§ **Action item**
Every record must be retyped exactly as it reads.

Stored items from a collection
========

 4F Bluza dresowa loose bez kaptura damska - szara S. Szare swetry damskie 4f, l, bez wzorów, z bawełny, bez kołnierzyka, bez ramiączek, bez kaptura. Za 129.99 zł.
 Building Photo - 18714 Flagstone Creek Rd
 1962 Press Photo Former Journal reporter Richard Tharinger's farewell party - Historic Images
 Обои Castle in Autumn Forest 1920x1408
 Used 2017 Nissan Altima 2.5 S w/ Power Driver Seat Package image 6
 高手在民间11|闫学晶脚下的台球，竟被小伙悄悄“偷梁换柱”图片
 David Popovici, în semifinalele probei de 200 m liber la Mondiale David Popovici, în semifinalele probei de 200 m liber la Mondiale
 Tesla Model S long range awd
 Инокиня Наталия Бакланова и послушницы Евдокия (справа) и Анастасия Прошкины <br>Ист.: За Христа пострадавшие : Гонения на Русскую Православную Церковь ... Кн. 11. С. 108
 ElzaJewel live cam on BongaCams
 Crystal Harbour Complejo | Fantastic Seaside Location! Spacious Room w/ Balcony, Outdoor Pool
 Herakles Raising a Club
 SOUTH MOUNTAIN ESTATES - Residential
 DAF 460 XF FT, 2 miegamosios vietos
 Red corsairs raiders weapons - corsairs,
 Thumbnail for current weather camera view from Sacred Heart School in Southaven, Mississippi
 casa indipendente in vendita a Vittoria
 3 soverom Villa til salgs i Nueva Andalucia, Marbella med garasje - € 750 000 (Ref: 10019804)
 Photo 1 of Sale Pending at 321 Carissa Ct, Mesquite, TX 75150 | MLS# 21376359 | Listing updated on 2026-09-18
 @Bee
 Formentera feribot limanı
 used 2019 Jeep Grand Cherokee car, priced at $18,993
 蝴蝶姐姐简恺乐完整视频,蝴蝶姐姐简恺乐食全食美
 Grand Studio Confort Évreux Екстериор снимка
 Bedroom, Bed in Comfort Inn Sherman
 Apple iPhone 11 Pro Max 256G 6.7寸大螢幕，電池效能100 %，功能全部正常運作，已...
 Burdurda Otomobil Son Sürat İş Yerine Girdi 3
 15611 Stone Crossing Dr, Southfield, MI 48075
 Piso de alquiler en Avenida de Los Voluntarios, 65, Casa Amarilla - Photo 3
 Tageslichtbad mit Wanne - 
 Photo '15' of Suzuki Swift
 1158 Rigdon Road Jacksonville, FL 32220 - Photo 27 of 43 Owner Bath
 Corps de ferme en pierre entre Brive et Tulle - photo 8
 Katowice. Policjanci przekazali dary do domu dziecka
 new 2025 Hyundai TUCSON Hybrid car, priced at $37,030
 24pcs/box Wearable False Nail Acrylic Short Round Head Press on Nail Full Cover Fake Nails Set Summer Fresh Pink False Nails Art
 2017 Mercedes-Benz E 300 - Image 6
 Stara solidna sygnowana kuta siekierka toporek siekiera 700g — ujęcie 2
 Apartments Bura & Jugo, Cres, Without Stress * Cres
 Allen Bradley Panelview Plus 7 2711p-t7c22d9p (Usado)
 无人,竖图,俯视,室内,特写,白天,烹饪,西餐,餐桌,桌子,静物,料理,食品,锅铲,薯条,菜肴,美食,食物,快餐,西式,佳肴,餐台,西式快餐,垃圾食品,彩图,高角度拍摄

========

§ **Answer**
 4F Bluza dresowa loose bez kaptura damska - szara S. Szare swetry damskie 4f, l, bez wzorów, z bawełny, bez kołnierzyka, bez ramiączek, bez kaptura. Za 129.99 zł.
 Building Photo - 18714 Flagstone Creek Rd
 1962 Press Photo Former Journal reporter Richard Tharinger's farewell party - Historic Images
 Обои Castle in Autumn Forest 1920x1408
 Used 2017 Nissan Altima 2.5 S w/ Power Driver Seat Package image 6
 高手在民间11|闫学晶脚下的台球，竟被小伙悄悄“偷梁换柱”图片
 David Popovici, în semifinalele probei de 200 m liber la Mondiale David Popovici, în semifinalele probei de 200 m liber la Mondiale
 Tesla Model S long range awd
 Инокиня Наталия Бакланова и послушницы Евдокия (справа) и Анастасия Прошкины <br>Ист.: За Христа пострадавшие : Гонения на Русскую Православную Церковь ... Кн. 11. С. 108
 ElzaJewel live cam on BongaCams
 Crystal Harbour Complejo | Fantastic Seaside Location! Spacious Room w/ Balcony, Outdoor Pool
 Herakles Raising a Club
 SOUTH MOUNTAIN ESTATES - Residential
 DAF 460 XF FT, 2 miegamosios vietos
 Red corsairs raiders weapons - corsairs,
 Thumbnail for current weather camera view from Sacred Heart School in Southaven, Mississippi
 casa indipendente in vendita a Vittoria
 3 soverom Villa til salgs i Nueva Andalucia, Marbella med garasje - € 750 000 (Ref: 10019804)
 Photo 1 of Sale Pending at 321 Carissa Ct, Mesquite, TX 75150 | MLS# 21376359 | Listing updated on 2026-09-18
 @Bee
 Formentera feribot limanı
 used 2019 Jeep Grand Cherokee car, priced at $18,993
 蝴蝶姐姐简恺乐完整视频,蝴蝶姐姐简恺乐食全食美
 Grand Studio Confort Évreux Екстериор снимка
 Bedroom, Bed in Comfort Inn Sherman
 Apple iPhone 11 Pro Max 256G 6.7寸大螢幕，電池效能100 %，功能全部正常運作，已...
 Burdurda Otomobil Son Sürat İş Yerine Girdi 3
 15611 Stone Crossing Dr, Southfield, MI 48075
 Piso de alquiler en Avenida de Los Voluntarios, 65, Casa Amarilla - Photo 3
 Tageslichtbad mit Wanne - 
 Photo '15' of Suzuki Swift
 1158 Rigdon Road Jacksonville, FL 32220 - Photo 27 of 43 Owner Bath
 Corps de ferme en pierre entre Brive et Tulle - photo 8
 Katowice. Policjanci przekazali dary do domu dziecka
 new 2025 Hyundai TUCSON Hybrid car, priced at $37,030
 24pcs/box Wearable False Nail Acrylic Short Round Head Press on Nail Full Cover Fake Nails Set Summer Fresh Pink False Nails Art
 2017 Mercedes-Benz E 300 - Image 6
 Stara solidna sygnowana kuta siekierka toporek siekiera 700g — ujęcie 2
 Apartments Bura & Jugo, Cres, Without Stress * Cres
 Allen Bradley Panelview Plus 7 2711p-t7c22d9p (Usado)
 无人,竖图,俯视,室内,特写,白天,烹饪,西餐,餐桌,桌子,静物,料理,食品,锅铲,薯条,菜肴,美食,食物,快餐,西式,佳肴,餐台,西式快餐,垃圾食品,彩图,高角度拍摄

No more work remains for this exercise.